Сейчас такое время — люди вкладывают деньги в другие вещи — квартиры, машины. Если посмотреть на каталоги и аукционы — ничего стоящего там не найти. Сплошная разрекламированная сладость. Карамель.Я не про то, что "давайте-ка быстро купите у меня картины"!  Нет. Просто если картины покупаются —  покупают то, что ни о чем не говорит. А те работы, которые сделаны по какой-то конкретной теме, например, теме Осетии, они почему-то уходят туда, где их не понимают. Например, недавно у меня ушли работы в Китай. Я уверен, что мало кто там их поймет.

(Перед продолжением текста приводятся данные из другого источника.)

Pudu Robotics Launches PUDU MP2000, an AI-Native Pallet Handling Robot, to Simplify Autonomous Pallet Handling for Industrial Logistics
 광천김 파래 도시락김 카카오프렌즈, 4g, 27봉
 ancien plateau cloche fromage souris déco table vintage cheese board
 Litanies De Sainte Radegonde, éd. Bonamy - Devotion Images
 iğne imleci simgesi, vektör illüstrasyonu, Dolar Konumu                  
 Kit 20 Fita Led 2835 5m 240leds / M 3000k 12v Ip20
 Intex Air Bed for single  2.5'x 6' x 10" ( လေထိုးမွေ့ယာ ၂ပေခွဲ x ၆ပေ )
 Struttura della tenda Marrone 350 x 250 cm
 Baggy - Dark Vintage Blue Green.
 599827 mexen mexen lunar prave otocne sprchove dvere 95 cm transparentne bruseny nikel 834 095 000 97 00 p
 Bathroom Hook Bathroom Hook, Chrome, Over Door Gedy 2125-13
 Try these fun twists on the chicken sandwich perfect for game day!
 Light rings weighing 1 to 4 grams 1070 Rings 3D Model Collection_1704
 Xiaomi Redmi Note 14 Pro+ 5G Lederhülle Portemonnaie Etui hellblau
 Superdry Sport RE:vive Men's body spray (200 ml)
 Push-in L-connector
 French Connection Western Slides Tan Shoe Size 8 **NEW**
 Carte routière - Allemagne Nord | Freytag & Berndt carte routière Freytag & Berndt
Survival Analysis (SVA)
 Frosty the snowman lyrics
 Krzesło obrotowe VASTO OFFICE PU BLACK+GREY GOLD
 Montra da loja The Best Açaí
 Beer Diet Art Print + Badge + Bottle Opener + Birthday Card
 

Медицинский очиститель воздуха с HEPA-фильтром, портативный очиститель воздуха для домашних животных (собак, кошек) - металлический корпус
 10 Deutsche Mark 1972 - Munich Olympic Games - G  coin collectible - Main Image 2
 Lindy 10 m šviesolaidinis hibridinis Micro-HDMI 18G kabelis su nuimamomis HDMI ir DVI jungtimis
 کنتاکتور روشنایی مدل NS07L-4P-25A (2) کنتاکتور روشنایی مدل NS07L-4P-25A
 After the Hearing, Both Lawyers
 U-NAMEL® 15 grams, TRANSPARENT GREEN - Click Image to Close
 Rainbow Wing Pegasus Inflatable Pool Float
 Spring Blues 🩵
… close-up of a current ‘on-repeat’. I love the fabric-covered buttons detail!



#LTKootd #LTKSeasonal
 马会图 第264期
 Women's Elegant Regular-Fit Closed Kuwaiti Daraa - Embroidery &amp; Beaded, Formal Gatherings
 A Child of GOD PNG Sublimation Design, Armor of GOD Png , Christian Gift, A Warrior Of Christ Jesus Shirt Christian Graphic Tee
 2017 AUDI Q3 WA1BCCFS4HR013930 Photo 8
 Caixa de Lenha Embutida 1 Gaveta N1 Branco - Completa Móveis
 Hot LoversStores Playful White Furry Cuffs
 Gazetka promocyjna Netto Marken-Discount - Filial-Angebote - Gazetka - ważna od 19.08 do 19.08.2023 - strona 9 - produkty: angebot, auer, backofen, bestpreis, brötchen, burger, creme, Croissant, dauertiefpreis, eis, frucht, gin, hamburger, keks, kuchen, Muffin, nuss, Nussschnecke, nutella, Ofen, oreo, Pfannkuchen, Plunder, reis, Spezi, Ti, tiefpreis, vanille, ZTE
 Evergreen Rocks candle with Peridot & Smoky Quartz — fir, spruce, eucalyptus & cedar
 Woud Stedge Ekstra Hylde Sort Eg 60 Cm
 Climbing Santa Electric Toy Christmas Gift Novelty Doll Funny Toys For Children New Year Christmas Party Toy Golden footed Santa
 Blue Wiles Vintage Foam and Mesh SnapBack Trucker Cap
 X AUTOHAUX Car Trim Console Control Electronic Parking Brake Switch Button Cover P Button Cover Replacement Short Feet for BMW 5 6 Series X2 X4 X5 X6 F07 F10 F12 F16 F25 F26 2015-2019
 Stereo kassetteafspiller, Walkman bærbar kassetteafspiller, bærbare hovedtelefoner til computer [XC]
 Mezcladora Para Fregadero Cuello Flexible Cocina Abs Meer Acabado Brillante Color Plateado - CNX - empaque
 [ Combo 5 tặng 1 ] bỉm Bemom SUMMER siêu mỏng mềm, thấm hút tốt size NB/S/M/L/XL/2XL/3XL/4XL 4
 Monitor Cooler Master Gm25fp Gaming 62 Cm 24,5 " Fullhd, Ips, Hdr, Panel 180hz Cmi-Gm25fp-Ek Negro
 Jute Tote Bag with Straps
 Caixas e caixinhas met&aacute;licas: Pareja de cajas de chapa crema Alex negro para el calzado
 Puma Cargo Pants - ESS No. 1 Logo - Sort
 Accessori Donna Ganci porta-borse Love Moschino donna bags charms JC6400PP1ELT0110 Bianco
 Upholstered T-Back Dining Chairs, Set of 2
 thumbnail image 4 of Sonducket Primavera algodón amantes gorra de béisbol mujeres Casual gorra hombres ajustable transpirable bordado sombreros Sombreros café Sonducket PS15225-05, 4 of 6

— Каковы твои планы на будущее?

— Мне сложно ответить, чем я буду заниматься дальше. Мне сложно ставить себя в какие-то рамки. Может быть, меня переклинит, и я вообще начну заниматься цветочками. А если серьезно, то сейчас в Цхинвале идет реконструкция драматического театра, где планируется роспись. Тема — нартский эпос. Если так подумать — это моя прямая обязанность. Согласно моему диплому — я художник — монументалист. Стенки — это то, чему нас учили. Поэтому, бесспорно, мне бы хотелось принять участие в этом проекте.